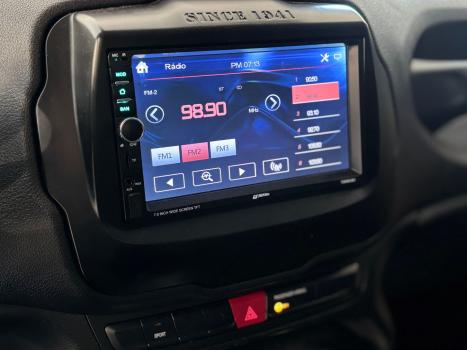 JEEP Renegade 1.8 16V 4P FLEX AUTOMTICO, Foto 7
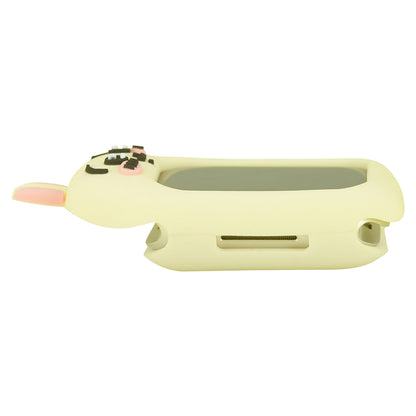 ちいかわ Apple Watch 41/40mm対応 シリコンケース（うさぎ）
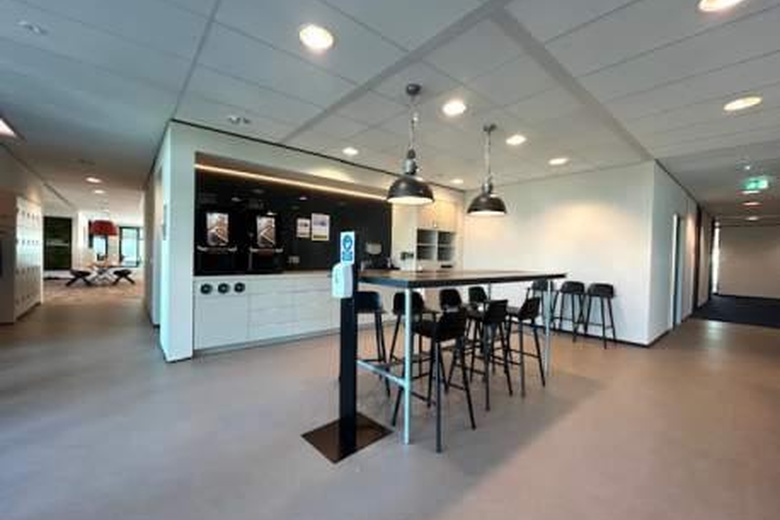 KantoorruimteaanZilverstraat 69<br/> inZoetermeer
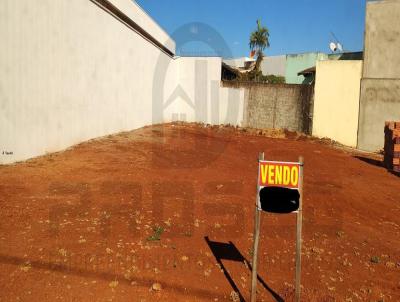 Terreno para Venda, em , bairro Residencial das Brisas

▸ Exercise directions: Print the listing exactly, pictures excluded.

▸ Problem solution:
 JEEP Renegade 1.8 16V 4P FLEX AUTOMTICO, Foto 7
 ちいかわ Apple Watch 41/40mm対応 シリコンケース（うさぎ）
 KantoorruimteaanZilverstraat 69<br/> inZoetermeer
 Terreno para Venda, em , bairro Residencial das Brisas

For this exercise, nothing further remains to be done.